------ Data for this exercise
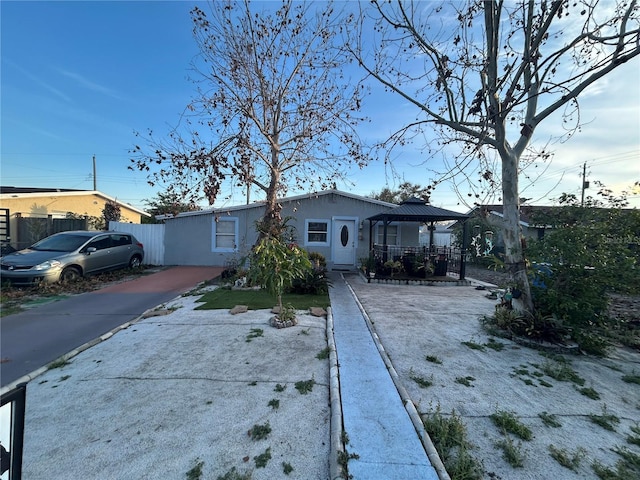 ranch-style home with driveway, fence, a gazebo, and stucco siding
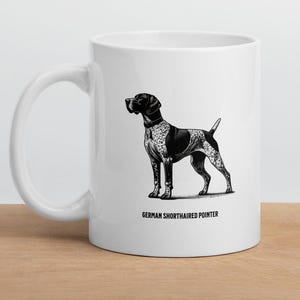 Puede incluir: Taza de cerámica blanca con una ilustración en blanco y negro de un Braco Alemán. El perro se muestra de pie, mostrando sus marcas distintivas. El texto "GERMAN SHORTHAIRED POINTER" está impreso debajo.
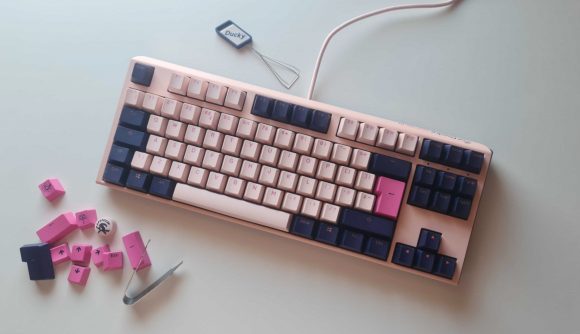 Ducky One 3 review - Fuji TKL edition: the pretty pink gaming keyboard lays on the desk next to its extra keycaps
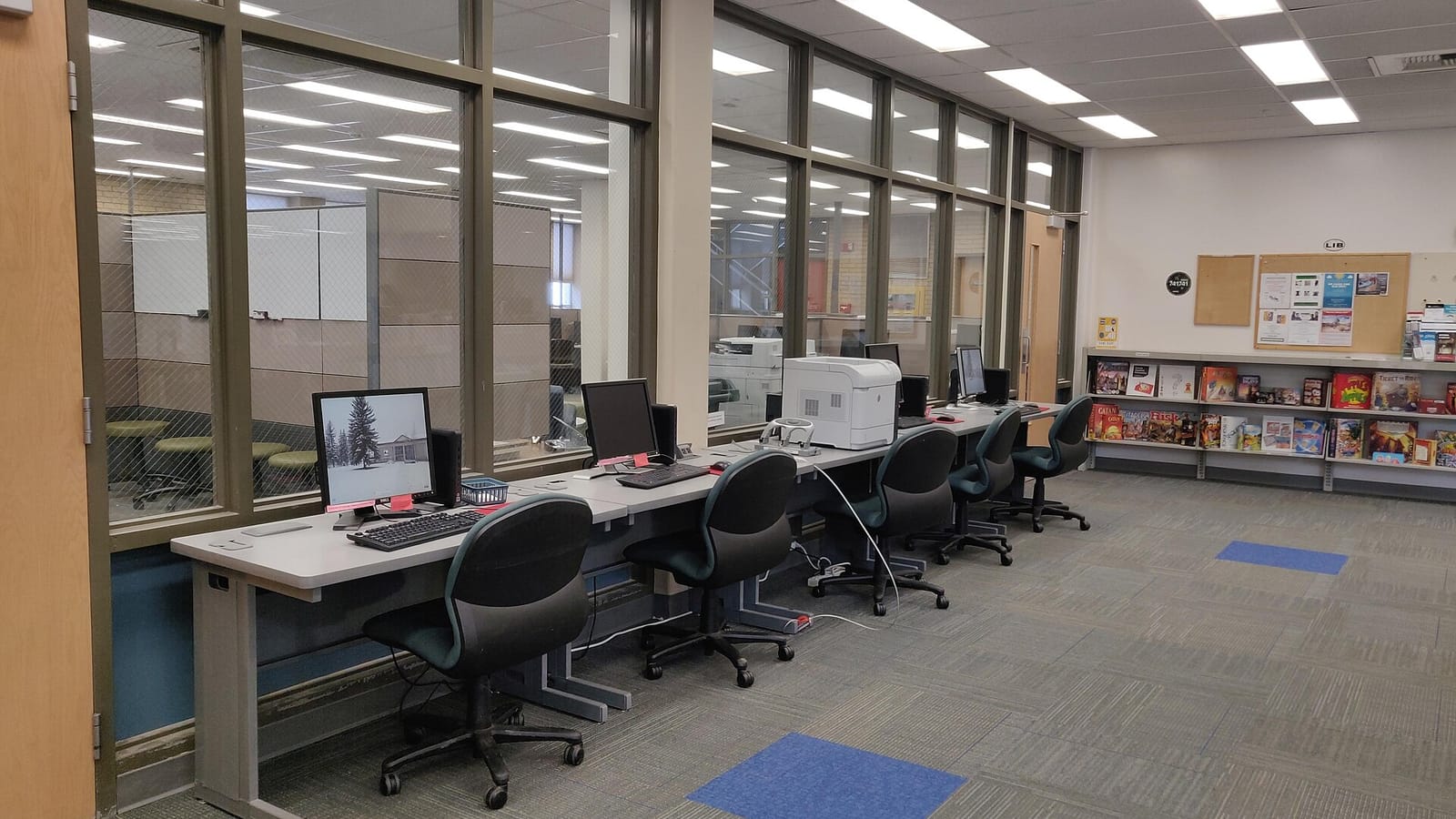 Library computer workstations with empty chairs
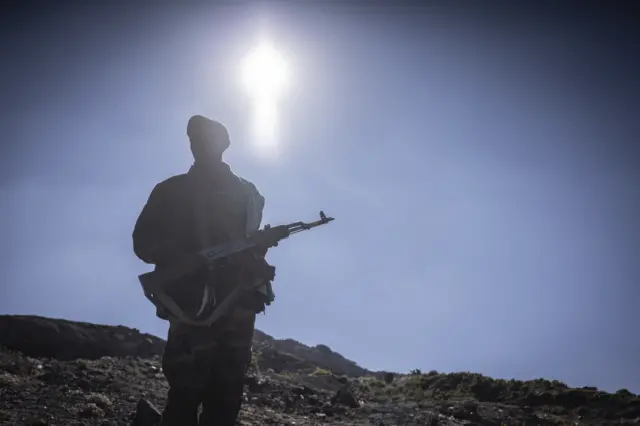 An Amhara militiaman looks on in Mehal Meda, Ethiopia, on 6 December 2021.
------------
§ **To do**
What do the lines above say from the line containing "Ducky One 3" through the last line? Quote them exactly, both ends included, and leave out the pictures.

§ **Answer to the exercise**
 Ducky One 3 review - Fuji TKL edition: the pretty pink gaming keyboard lays on the desk next to its extra keycaps
 Library computer workstations with empty chairs
 An Amhara militiaman looks on in Mehal Meda, Ethiopia, on 6 December 2021.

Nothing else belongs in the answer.